Here are the most common ways real-life hackers actually get passwords:
The easiest and most common way that hackers get passwords is from data breaches, in which huge amounts of user data has already been leaked or stolen from companies. This data, which often includes usernames and passwords, is compiled into databases and may be sold on the dark web or downloaded freely on forums.
Thanks to the fact that many people reuse their passwords, attackers can use stolen passwords from one company’s data breach to steal accounts at other companies, even if they have stronger security.
After obtaining a list of usernames and passwords from one company’s data breach, attackers can try credential stuffing, which is the use of automated bots to try every username/password combination on another website, like a social media site, until one of them works.
If an attacker has a username (or list of usernames) but no passwords, he can still guess from a list of the most commonly used passwords (e.g. 12345, abc123, qwerty) in a technique called password spraying.
Because many sites limit the number of guesses per user, password spraying is most effective when distributed across a wide range of usernames.
A similar but more difficult method is a brute-force attack, in which an attacker attempts to guess all possible passwords until the correct one is found.
Brute-forcing is computationally expensive, but can be successful quickly if the password is short enough, or if the attacker already has some information about the password.
One very effective way to steal someone’s password is to trick them into entering it on a phony login screen, which is a form of phishing.
Phishing works so well because the weakest link in any security system will always be the human factor.

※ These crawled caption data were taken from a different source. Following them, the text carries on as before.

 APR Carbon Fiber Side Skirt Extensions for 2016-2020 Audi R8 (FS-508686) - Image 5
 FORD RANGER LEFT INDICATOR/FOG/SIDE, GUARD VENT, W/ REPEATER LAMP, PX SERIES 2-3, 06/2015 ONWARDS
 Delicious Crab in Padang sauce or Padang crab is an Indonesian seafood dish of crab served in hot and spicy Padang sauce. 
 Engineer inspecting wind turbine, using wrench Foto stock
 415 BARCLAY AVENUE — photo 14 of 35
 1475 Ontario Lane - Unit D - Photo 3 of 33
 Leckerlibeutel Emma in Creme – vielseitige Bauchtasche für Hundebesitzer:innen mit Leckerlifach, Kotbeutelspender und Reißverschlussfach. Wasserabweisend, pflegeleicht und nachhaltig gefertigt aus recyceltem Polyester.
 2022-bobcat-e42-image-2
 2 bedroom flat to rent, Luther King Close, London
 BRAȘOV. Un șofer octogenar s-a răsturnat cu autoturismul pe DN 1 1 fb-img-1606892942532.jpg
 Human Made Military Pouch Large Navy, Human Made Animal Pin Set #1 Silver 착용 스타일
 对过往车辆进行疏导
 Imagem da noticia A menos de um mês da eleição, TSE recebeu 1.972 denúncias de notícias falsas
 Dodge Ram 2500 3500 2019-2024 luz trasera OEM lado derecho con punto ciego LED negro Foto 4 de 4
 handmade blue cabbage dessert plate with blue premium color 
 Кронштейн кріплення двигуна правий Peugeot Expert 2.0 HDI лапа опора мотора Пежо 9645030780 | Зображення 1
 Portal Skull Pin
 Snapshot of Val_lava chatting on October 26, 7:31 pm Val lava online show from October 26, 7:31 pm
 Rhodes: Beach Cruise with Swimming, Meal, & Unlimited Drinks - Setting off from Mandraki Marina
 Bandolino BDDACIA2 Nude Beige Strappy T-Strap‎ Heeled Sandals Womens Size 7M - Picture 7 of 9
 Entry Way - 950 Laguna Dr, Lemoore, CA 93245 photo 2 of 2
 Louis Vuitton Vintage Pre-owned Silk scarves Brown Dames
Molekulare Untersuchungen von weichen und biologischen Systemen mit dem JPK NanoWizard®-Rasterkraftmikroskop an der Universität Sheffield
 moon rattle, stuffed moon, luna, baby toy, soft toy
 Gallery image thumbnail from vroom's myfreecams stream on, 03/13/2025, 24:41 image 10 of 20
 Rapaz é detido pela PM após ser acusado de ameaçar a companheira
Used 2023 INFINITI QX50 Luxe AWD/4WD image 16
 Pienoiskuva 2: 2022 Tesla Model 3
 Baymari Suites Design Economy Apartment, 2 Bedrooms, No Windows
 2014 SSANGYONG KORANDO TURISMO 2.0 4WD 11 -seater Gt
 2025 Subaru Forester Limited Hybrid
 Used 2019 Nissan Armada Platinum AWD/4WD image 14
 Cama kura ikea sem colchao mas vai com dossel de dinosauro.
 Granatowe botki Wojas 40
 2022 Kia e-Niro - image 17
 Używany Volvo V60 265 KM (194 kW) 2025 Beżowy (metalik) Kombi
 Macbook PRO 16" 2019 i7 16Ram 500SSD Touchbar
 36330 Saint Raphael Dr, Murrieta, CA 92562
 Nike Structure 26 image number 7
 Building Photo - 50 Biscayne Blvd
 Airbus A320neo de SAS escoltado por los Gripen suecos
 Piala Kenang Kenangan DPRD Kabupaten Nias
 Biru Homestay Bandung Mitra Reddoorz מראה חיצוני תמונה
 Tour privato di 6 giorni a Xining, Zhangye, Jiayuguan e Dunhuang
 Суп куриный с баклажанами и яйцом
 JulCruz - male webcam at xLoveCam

It doesn’t matter how sophisticated your security software is; if you can fool a human with the right credentials, you’re in.
Phishing is just one form of social engineering, a broader class of attacks that preys on human gullibility.
Employees at some companies have been conned into giving up passwords by scammers impersonating high-ranking managers over email, text, or even on the phone. It’s a surprisingly effective technique—employees at medium to large companies may have never met their CEO and wouldn’t recognize their voice.
Keylogging is the computing equivalent of a wiretap. But instead of recording audio from a phone, it records all keystrokes made on a computer.
Often installed through malware, software keyloggers can “listen” to your keyboard and send the recorded keystrokes back to their creator, who can then use context to determine which keystrokes make up your passwords.
The lowest-tech option is often the most effective. If someone wants your password and is physically close to you, all they need to do is look over your shoulder.
Some passwords don’t need to be stolen, because they are already known.
That is often the case with many hardware devices that come with default login credentials. If you’ve never changed the default password for your Wi-Fi router, for example, someone could gain access simply by entering username: admin, password: admin.
How to prevent hackers from getting your passwords
So how can you stop hackers from getting your passwords? Make yourself a more difficult target by taking a few simple steps toward better password security:
- Watch out for phishing attacks. Don’t click any links with suspicious URLs, even if they appear to come from a trusted source.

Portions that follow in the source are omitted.